Competing With Data & Analytics
At The Coca-Cola Company, pulling together useful data sets is a particular challenge. Coke’s distribution model involves a network of hundreds of independently operated bottlers around the world that use the Coke concentrates to make and bottle Coke drinks (as well as other non-Coke affiliated beverages). Those bottlers send data to Coke, and Coke’s job is to put those data streams into a common system and use it to look back on how things have gone and project how things might be.
Complicated — to say the least!
Just how complicated can be underscored by a few statistics: Coke is the world’s largest beverage company, with more than 500 brands and 3,500 products sold worldwide. In 2013, the company had $46.9 billion in net operating revenues, and a net income of $8.6 billion. It has about 250 bottling partners with 900 bottling plants, and employs over 700,000 system associates worldwide. In addition to its flagship Coca-Cola products, the company’s brands include Minute Maid juice, Fanta and Sprite soft drinks, and Dasani water.

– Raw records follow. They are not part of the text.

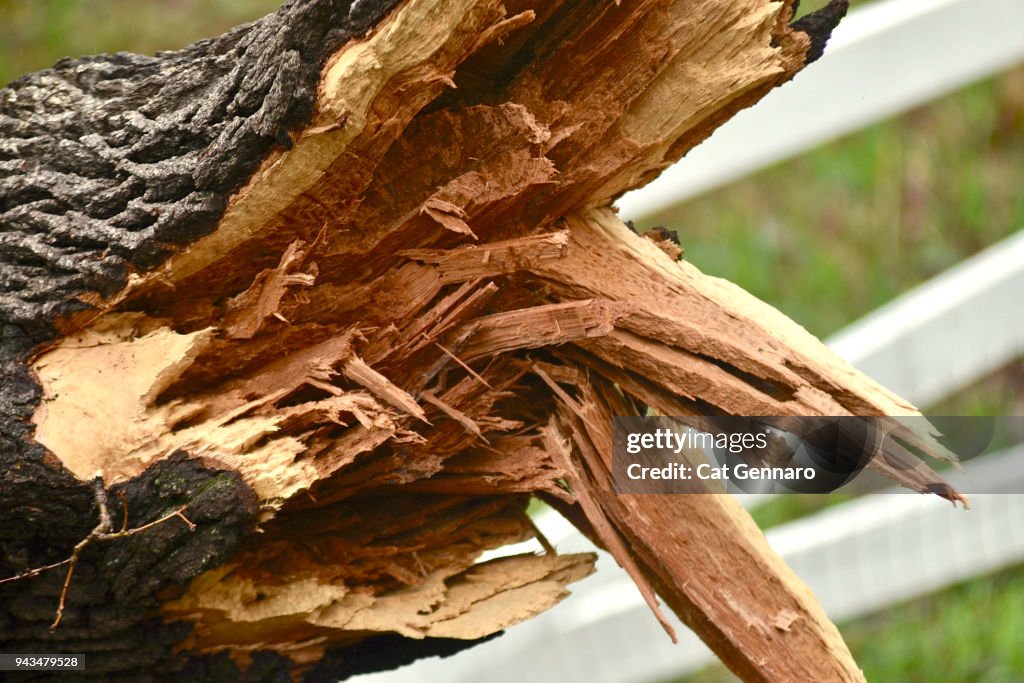 200 year Oak Tree Splits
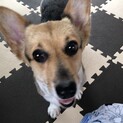 トライカラーコーギーの女の子里親様決定です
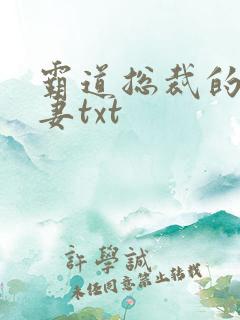 霸道总裁的挂名妻txt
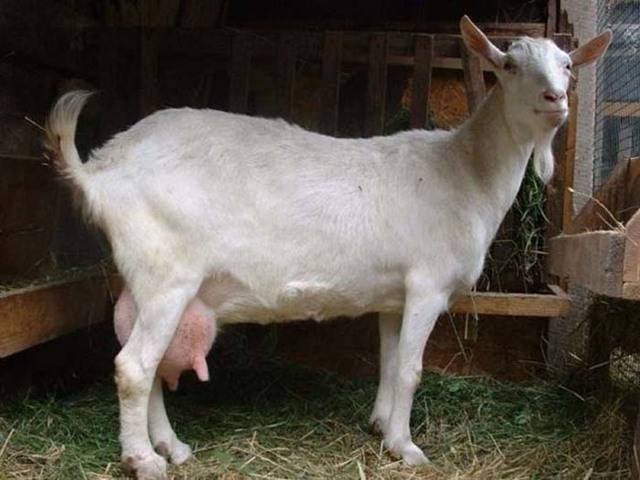 Сколько молока дает коза в сутки и как увеличить надой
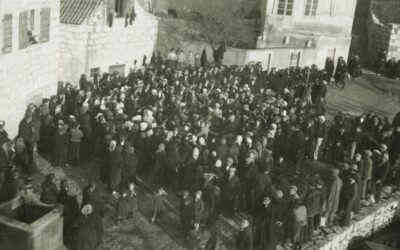 Šepurina 1929.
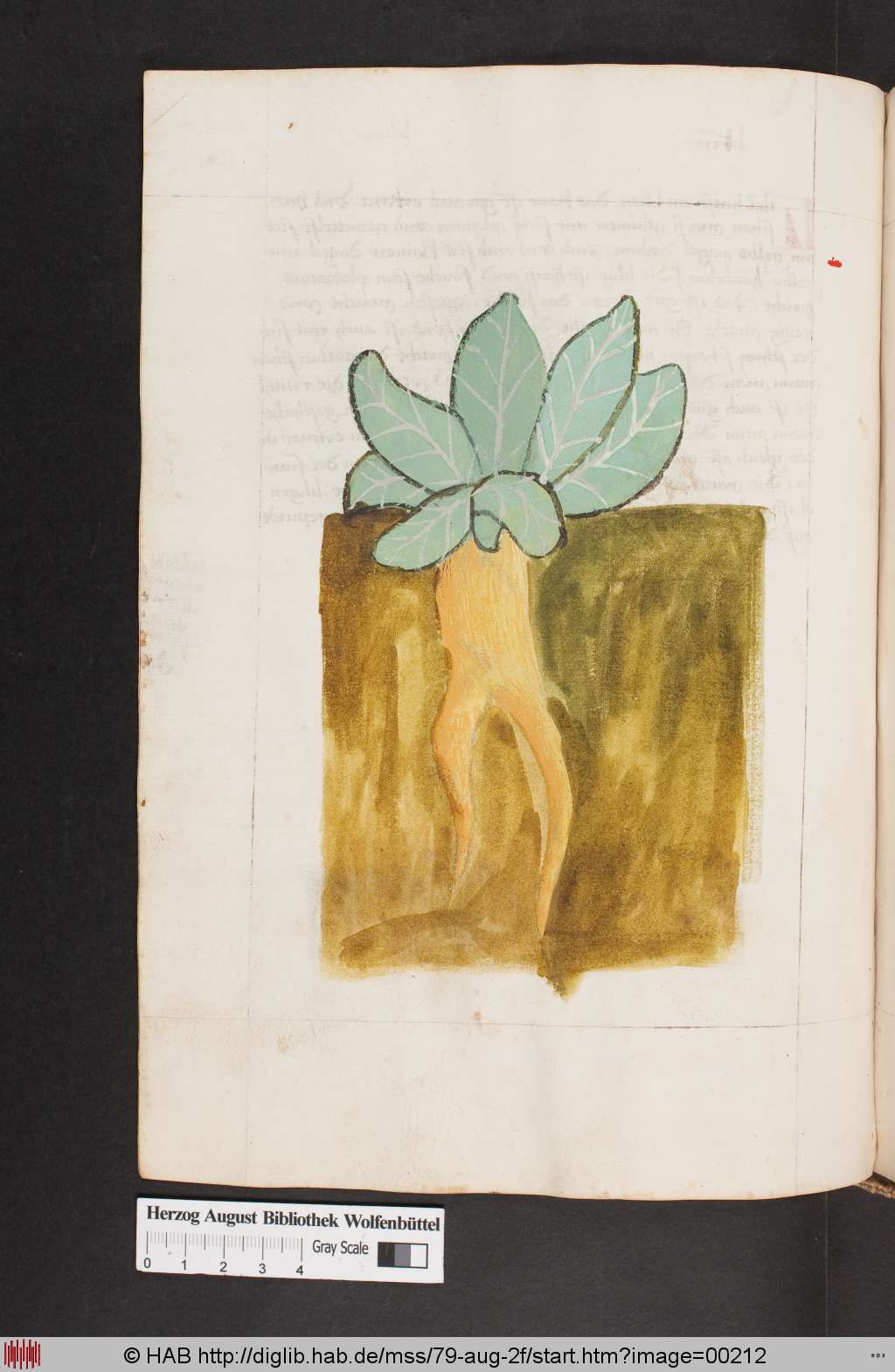 http://diglib.hab.de/mss/79-aug-2f/00212.jpg
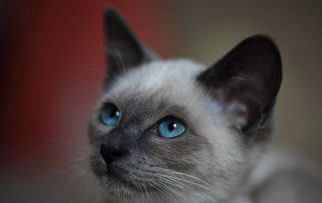 蓝猫的眼睛颜色等级,为什么有些蓝猫眼睛是绿色的？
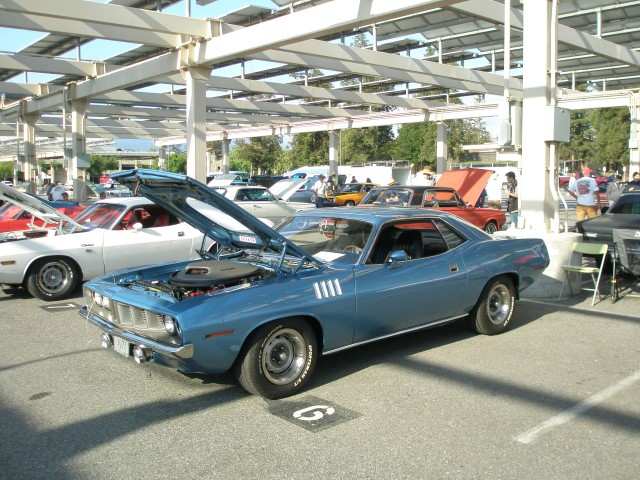P7110011 (Small).JPG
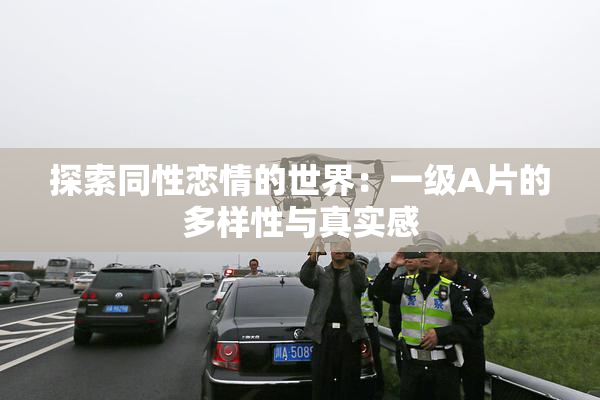 探索同性恋情的世界：一级A片的多样性与真实感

Mathew Chacko, Coca-Cola’s director of enterprise architecture, and Remco Brouwer, the company’s director of business intelligence, spoke with Sam Ransbotham, an associate professor of information systems at the Carroll School of Management at Boston College and the MIT Sloan Management Review guest editor for the Data and Analytics Big Idea Initiative about the challenges of integrating so many data sets, the ways the company is moving toward a predictive analytics model, and the value of visualizations to convey complex information.
When did Coca-Cola first start thinking about analytical approaches, and how did that first get started?
Mathew Chacko: Analytics at Coke actually has a very long history. An important area of analytics is in our volume and sales reporting and forecasting that spans both the company and our bottler franchisee system. In our sparkling drinks business, the Coca-Cola Company makes the concentrate, and then we sell it to bottlers who are not necessarily owned by us.